● **Task**
Nothing is needed except the lines below that run from the one with "Bangladesh Clashes Over" through the one with "Camisa de manga", repeated exactly.

[Short descriptive text snippets]
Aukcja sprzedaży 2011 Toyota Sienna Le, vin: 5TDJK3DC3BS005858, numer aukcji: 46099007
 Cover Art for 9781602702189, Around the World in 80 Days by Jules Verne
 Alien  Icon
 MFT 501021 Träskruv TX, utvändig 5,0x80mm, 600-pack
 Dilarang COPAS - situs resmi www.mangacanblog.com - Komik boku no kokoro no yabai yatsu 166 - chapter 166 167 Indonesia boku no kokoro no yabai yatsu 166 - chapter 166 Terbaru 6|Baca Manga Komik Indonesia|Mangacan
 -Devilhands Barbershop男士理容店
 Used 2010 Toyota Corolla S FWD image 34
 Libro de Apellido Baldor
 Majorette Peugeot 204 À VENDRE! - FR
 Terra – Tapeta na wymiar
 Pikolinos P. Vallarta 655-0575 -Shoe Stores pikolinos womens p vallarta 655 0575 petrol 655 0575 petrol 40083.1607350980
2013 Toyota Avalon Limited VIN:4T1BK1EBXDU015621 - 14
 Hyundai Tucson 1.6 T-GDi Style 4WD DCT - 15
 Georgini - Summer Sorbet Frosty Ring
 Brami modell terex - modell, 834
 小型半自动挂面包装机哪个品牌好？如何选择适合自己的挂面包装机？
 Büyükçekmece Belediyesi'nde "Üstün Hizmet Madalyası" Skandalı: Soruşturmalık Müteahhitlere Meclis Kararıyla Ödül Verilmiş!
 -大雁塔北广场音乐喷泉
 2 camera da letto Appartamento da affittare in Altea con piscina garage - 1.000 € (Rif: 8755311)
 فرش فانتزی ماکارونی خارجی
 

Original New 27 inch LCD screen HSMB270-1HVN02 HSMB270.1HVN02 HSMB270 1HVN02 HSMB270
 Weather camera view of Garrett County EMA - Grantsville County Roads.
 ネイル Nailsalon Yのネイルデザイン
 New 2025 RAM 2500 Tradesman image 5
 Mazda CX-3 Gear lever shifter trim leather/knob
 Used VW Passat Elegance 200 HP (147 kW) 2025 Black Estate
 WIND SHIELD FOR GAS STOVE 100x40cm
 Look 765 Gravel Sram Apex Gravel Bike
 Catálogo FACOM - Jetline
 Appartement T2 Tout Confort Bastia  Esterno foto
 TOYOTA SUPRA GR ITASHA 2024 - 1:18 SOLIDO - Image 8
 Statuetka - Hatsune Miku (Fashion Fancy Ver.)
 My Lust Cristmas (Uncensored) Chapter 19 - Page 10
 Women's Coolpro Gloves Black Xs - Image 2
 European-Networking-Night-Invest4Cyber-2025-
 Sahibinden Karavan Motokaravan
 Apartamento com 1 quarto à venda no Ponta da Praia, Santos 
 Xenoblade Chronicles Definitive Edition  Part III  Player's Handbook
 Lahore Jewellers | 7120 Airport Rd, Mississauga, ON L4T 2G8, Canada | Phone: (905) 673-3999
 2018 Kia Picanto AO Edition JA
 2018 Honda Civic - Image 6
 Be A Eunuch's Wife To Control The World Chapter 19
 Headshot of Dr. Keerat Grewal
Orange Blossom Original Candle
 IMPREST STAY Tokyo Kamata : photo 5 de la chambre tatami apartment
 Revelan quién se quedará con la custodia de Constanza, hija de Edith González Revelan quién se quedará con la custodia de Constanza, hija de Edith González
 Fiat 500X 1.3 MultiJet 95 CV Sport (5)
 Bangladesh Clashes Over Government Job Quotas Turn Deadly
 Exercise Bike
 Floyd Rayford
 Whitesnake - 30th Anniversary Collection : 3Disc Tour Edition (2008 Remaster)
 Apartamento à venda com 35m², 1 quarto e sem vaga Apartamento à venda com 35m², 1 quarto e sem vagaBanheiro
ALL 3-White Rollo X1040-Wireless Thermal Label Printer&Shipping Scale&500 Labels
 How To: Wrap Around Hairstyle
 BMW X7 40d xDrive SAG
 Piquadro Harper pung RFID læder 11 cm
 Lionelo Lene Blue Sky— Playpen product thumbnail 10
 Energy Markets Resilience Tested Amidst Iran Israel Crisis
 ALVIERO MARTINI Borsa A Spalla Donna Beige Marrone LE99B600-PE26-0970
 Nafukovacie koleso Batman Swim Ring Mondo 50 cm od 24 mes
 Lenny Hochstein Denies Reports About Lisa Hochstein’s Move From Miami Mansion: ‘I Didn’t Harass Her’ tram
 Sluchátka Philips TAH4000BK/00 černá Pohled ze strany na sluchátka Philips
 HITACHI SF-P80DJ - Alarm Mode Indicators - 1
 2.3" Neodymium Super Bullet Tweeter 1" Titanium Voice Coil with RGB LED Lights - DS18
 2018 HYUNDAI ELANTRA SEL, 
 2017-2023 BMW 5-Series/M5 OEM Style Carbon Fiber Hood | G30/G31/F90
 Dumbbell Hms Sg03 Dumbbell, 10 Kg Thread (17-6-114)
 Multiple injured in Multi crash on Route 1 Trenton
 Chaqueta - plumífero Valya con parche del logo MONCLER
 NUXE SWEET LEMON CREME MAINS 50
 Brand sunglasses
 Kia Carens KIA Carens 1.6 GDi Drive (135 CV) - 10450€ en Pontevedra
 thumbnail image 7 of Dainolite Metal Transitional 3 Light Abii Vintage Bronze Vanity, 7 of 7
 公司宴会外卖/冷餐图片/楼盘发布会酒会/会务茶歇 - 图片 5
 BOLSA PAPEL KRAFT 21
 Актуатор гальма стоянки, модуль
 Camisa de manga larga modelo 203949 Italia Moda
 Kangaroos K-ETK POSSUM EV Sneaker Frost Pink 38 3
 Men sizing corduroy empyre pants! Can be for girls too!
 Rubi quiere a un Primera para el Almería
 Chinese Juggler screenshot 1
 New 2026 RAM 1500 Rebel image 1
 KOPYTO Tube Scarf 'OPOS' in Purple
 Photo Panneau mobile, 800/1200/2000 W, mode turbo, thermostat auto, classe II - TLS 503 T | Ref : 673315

● **Task answer**
 Bangladesh Clashes Over Government Job Quotas Turn Deadly
 Exercise Bike
 Floyd Rayford
 Whitesnake - 30th Anniversary Collection : 3Disc Tour Edition (2008 Remaster)
 Apartamento à venda com 35m², 1 quarto e sem vaga Apartamento à venda com 35m², 1 quarto e sem vagaBanheiro
ALL 3-White Rollo X1040-Wireless Thermal Label Printer&Shipping Scale&500 Labels
 How To: Wrap Around Hairstyle
 BMW X7 40d xDrive SAG
 Piquadro Harper pung RFID læder 11 cm
 Lionelo Lene Blue Sky— Playpen product thumbnail 10
 Energy Markets Resilience Tested Amidst Iran Israel Crisis
 ALVIERO MARTINI Borsa A Spalla Donna Beige Marrone LE99B600-PE26-0970
 Nafukovacie koleso Batman Swim Ring Mondo 50 cm od 24 mes
 Lenny Hochstein Denies Reports About Lisa Hochstein’s Move From Miami Mansion: ‘I Didn’t Harass Her’ tram
 Sluchátka Philips TAH4000BK/00 černá Pohled ze strany na sluchátka Philips
 HITACHI SF-P80DJ - Alarm Mode Indicators - 1
 2.3" Neodymium Super Bullet Tweeter 1" Titanium Voice Coil with RGB LED Lights - DS18
 2018 HYUNDAI ELANTRA SEL, 
 2017-2023 BMW 5-Series/M5 OEM Style Carbon Fiber Hood | G30/G31/F90
 Dumbbell Hms Sg03 Dumbbell, 10 Kg Thread (17-6-114)
 Multiple injured in Multi crash on Route 1 Trenton
 Chaqueta - plumífero Valya con parche del logo MONCLER
 NUXE SWEET LEMON CREME MAINS 50
 Brand sunglasses
 Kia Carens KIA Carens 1.6 GDi Drive (135 CV) - 10450€ en Pontevedra
 thumbnail image 7 of Dainolite Metal Transitional 3 Light Abii Vintage Bronze Vanity, 7 of 7
 公司宴会外卖/冷餐图片/楼盘发布会酒会/会务茶歇 - 图片 5
 BOLSA PAPEL KRAFT 21
 Актуатор гальма стоянки, модуль
 Camisa de manga larga modelo 203949 Italia Moda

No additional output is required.